Зато уж Софочке я выложила всё, со всеми подробностями, приукрасив их, по своему обыкновению, для большего эффекта. Софа, привыкшая к моим россказням, ничему не удивлялась, а только в очередной раз пожалела, что ей никак не купят птичку. Я посочувствовала подруге, пообещав при случае попросить за неё у Абики, с которой была по-своему дружна. Где-то я вычитала, что мусульмане верят в священную птицу Хуму, которая приносит удачу, богатство и власть. Если эта птица сядет кому-нибудь на голову, тот уж точно станет богачом или султаном. Поэтому мусульмане уважают всех птиц, считая их детьми Хумы. Я рассчитывала, опираясь на эти бесспорные аргументы, упросить Абику купить Софе какую-нибудь птичку. И уже даже договорилась с соседом, жившим от нас через дорогу, чтобы он изготовил для нас две огромные клетки, чтобы птичкам жилось весело и просторно. За два таких нестандартных заказа он давал хорошую скидку.

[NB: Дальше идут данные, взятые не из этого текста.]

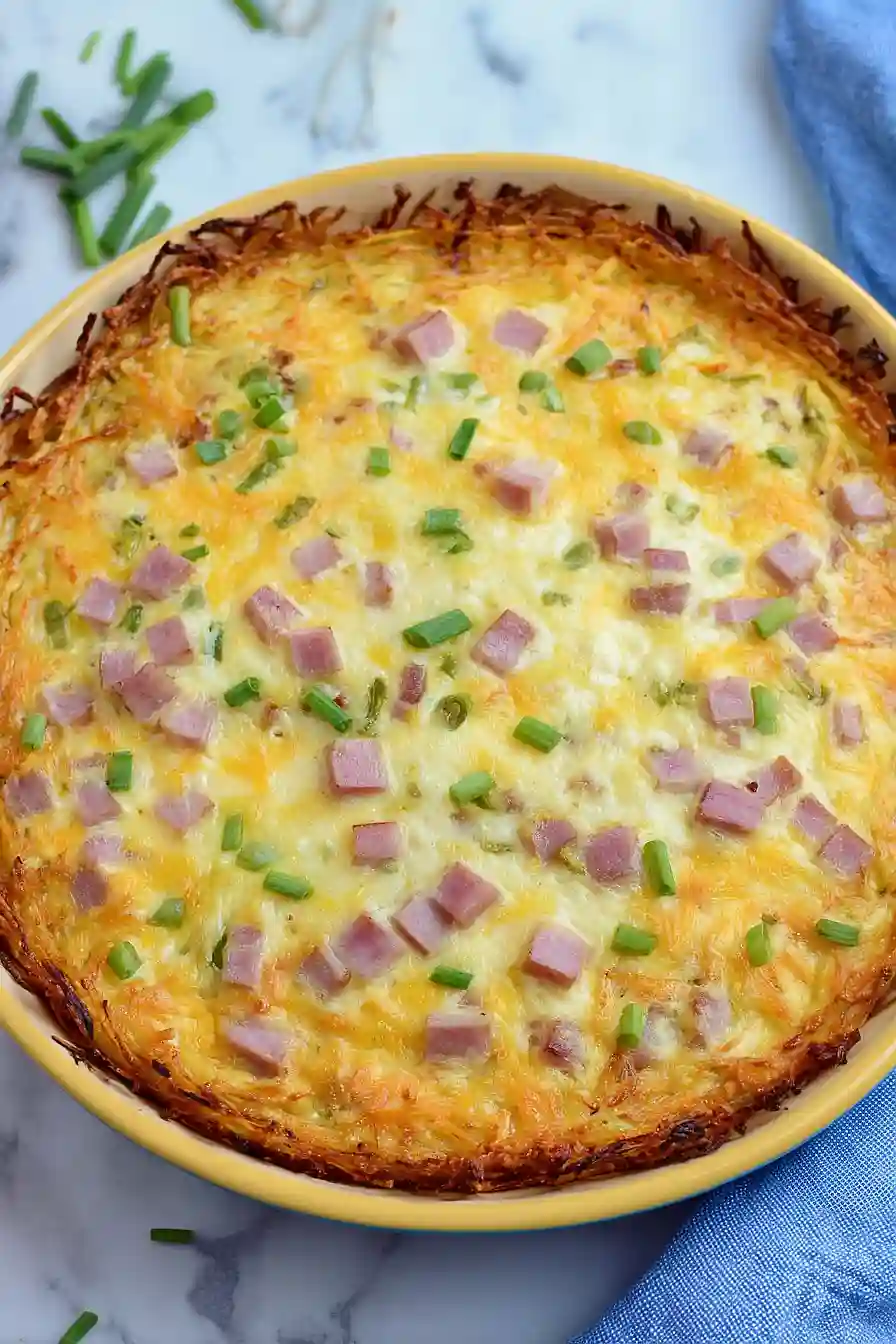 ham and cheese hashbrown crust quiche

Мне-то давно уж дома разрешили воспользоваться услугами дяди Вити, он был известным мастером на все руки, а домашние, к счастью, мою склонность к зоологии только поощряли, разрешая мне заводить разнообразных питомцев. Но я упорно выжидала, пока Софке тоже разрешат завести птичку, чтобы ей не было так уж обидно.
Напившись чаю с хворостом и попрощавшись с подругой, я тронулась в обратный путь. Спустились серые сумерки, замолкли птицы, и край неба затянуло ярко-алым цветом, у самого горизонта переходящим в оранжевый. Бабушка уже ждала меня у крыльца в компании нашей маленькой собачки.

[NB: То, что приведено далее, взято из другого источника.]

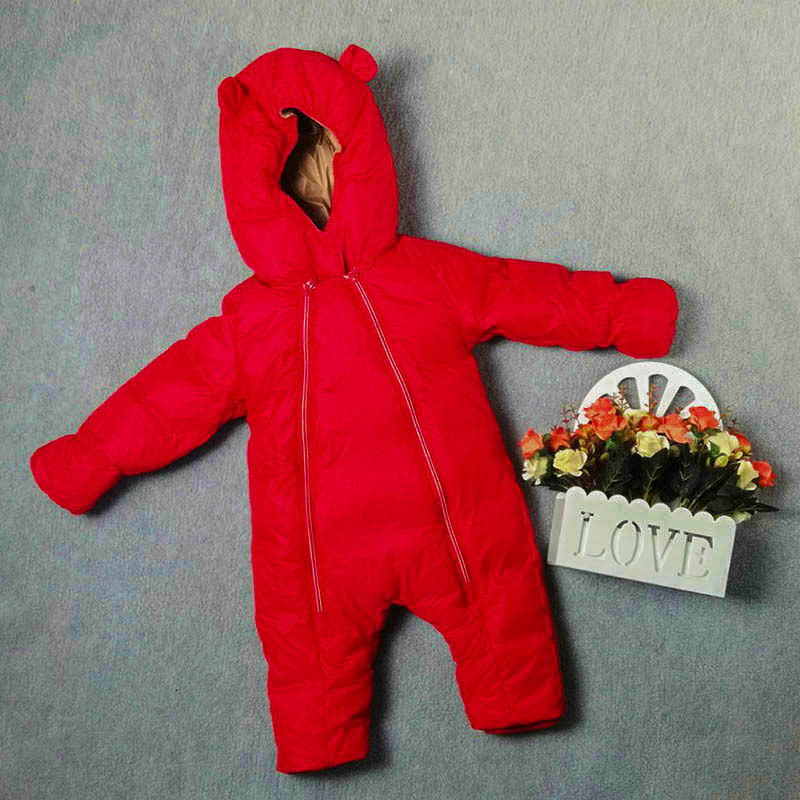 New Children's Clothing White Duck down Hooded Romper Baby with Shoe Cover down Jacket Six Colors in Stock Drop Shipping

– Ника, ты посмотри — стемнело уж совсем!
– Ну, не совсем, - возразила я, - И никто меня не съел!
Во дворе я ещё немного постояла, наблюдая, как яркий закат тускнеет, словно угасающий огонь, и сереющий небосвод становится похожим на пушистое уютное одеяло. Солнце легло спать... скоро оно совсем погасит свой очаг, и закроет дверь небесного дома. Придёт таинственная Ночь, включит звёзды, и до утра они будут освещать мир тысячами горящих свечей. Пойду-ка спать и я...
…Эх, как долго тянется время, если тебе десять лет... Ещё целый урок музыкальной литературы сидеть, ожидая - когда же, ну, когда можно побросать тетрадки в папку, и, наскоро одевшись, выбежать на улицу! Там свежий ветер играет проводами, натянутыми совсем как нотный стан, но всё-таки никак не может сдуть крепко ухватившиеся лапками замерзшие ноты — голубей и ворон, сидящих близко-близко друг к другу, чтобы было теплее... Там, в двух трамвайных остановках отсюда, ждут меня друзья - цветные пушистые комочки, поющие лучше всяких музыкальных инструментов, и милый Гном Михалыч… Про себя я так и называла его Гномом, только отчество добавилось. Раз в неделю мы с ним чистили птичьи клетки, болтали о том о сём, а потом пили чай в уютной каморке за прилавком, с конфетами и бабушкиными пирожками, принесёнными мною из дома.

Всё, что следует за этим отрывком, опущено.